September 20, 2010 at 1:21 AM
Last month my friend, stand partner and roommate made my annual trip up to Interlochen Michigan for a week of chamber music. This time, it was a road trip. We left Houston at 8am on Sunday morning and drove straight through - a 24 hour drive, with one sleeping in the back of the Subaru while the other was driving. We arrived at Interlochen 9am Monday morning, took a nap and began the week of musical indulgence.
Of all the music I played that week, a few pieces still stand out in my mind. First and foremost was Beethoven's Op. 132 and in particular the 3rd movement. We studied it as a larger conducted ensemble at first and there was no a dry eye in the house. Having been introduced to this piece, a few of us got together later in the week to play it through again. The tear-jerking effect was the same the second time around. I look forward to playing this again some day.

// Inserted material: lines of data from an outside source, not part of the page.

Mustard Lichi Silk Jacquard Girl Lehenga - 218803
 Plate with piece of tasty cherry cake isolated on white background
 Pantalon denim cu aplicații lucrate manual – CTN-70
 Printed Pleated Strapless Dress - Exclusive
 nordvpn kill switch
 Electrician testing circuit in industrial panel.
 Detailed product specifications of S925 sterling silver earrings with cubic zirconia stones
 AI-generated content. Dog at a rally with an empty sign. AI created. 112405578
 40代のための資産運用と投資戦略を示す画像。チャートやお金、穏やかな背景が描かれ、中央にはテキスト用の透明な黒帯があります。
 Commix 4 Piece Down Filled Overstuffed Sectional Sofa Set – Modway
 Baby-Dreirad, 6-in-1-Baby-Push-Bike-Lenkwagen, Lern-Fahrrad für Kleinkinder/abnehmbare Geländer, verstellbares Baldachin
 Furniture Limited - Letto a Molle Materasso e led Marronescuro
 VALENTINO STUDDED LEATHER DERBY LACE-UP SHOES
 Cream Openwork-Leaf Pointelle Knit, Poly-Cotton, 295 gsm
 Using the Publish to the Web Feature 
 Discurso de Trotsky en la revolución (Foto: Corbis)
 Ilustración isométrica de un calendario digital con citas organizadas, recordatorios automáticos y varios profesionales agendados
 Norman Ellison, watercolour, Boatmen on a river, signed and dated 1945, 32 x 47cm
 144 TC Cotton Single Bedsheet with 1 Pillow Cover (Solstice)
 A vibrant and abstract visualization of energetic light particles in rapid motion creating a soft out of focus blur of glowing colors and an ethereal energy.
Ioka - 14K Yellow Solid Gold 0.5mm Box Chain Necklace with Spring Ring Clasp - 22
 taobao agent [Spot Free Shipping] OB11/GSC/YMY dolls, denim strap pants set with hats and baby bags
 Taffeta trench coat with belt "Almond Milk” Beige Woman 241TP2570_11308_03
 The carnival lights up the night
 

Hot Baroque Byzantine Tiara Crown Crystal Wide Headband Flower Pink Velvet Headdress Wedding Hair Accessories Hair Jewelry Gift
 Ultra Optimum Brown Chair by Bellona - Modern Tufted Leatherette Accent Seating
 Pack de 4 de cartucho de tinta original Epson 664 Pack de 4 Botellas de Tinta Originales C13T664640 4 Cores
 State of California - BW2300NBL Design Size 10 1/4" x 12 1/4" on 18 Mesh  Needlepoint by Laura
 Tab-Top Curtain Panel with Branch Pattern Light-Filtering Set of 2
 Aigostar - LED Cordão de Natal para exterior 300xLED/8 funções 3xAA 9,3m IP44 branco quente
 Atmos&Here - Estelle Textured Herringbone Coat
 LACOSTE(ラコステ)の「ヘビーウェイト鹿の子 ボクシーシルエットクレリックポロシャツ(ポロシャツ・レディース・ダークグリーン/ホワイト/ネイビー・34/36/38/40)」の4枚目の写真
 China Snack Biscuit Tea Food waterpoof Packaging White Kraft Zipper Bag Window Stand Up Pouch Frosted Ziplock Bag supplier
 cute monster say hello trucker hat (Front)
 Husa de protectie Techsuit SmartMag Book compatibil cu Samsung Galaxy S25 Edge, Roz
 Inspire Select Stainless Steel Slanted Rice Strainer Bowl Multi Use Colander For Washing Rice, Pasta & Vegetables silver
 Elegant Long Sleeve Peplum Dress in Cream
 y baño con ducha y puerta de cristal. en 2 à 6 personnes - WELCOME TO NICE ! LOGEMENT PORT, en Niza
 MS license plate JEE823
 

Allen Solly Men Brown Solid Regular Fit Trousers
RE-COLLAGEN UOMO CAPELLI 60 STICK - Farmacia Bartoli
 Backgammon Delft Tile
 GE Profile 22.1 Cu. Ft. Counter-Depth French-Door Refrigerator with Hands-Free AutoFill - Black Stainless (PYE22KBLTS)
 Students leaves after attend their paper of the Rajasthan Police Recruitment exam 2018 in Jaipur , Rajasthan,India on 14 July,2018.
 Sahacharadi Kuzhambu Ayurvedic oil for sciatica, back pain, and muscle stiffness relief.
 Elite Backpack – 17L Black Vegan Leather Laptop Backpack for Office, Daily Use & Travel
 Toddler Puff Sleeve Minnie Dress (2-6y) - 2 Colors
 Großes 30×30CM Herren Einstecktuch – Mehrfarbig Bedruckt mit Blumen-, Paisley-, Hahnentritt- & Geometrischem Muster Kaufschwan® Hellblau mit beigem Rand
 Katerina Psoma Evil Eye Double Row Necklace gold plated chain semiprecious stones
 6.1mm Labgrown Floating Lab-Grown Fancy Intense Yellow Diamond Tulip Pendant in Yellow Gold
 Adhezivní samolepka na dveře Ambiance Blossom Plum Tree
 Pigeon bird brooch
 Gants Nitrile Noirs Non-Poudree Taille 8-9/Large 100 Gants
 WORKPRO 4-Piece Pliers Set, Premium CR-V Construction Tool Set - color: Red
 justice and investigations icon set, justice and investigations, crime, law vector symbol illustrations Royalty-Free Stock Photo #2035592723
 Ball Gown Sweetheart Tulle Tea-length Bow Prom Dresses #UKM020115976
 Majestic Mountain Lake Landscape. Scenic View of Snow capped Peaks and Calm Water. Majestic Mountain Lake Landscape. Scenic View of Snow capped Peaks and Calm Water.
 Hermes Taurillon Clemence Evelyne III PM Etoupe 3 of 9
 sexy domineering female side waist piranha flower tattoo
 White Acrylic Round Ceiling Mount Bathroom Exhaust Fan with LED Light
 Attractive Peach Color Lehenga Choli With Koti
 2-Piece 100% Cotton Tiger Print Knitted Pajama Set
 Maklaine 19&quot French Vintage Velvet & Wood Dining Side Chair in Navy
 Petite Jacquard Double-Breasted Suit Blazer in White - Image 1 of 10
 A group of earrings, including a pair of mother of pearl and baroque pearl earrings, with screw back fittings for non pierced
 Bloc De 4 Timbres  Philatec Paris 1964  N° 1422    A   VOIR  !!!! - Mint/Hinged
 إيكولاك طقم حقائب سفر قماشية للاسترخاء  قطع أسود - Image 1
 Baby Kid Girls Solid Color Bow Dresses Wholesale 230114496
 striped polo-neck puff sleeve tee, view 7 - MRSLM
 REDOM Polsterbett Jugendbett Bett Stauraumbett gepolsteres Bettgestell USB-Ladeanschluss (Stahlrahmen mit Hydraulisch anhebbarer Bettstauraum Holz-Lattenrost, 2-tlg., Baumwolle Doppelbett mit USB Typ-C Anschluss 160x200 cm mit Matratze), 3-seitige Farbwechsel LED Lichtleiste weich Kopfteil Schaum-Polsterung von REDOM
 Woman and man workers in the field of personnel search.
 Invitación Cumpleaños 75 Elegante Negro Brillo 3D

The second piece that was memorable was not a singular piece, but a menagerie of pieces played with only violas, a viola-fest of sorts: 'Arch' by David Robertson, 'Reflection' by Michael Kimber, and 'Fantasie' by York Bowen - all very modern works, but each unique in their own way. When we played the Arch, we lined up four stands, spread out the music and literally 'walked' our way through the piece. It was quite humorous at times. While playing through either the Robertson or Bowen, a fellow camper poked his head in our practice room to ask us what Shosty we were playing, then did a double take when he realized that there was nothing but violists in the room.
Lastly, my friend and I had a few coached sessions for a few pieces that we were going to perform: Brandenburg #6 and a Frank Bridge piece. During the Brandy 6 coaching, we got the best bit of advice I'd ever received: rehearse back to back (not facing each other). It resolved a problem we were having making two violas sound like one instrument immediately. By not looking at each other, we were forced to listen to each other, really listen. By removing all visual queues, the only thing we had to rely upon was the audio queues. It was quite amazing on how effective this little trick was. My friend and I are still using this practice technique with much success.
At the end of the week, we made our goodbyes to friends old and new and began the long drive back home to Houston. I'm looking forward to Interlochen 2011.
Thanks for the Interlochen update. I've always thought it sounded like a fascinating place. Considering my experience level on the violin, though, I think my main function at a place like this would be as doorstop. : /
Mendy - I went there a long time ago, and the memories are still vivid. Playing in a large group first thing in the morning, then quartets, lunch, more quartets, possibly a master class, more quartets, dinner, maybe a concert. I played so much that I had to soak my hands (mostly my left) in warm water, they ached so much (but it was so worth it).
The Cleveland Quartet was the participating ensemble that year, and I remember one of them suggesting in the morning quartet rehearsal that you think of the tempo as being in the middle of the circle of stands. It was a poetic way to think of it, and it helped.
Interlochen is a wonderful place - I went there the summer of my junior year of college, and it was so idyllic.
A couple of years ago I had a chance to read through the Bowen quartet (at a summer camp). It's a great piece. Too bad it's so rarely performed. Are the other pieces of equal quality?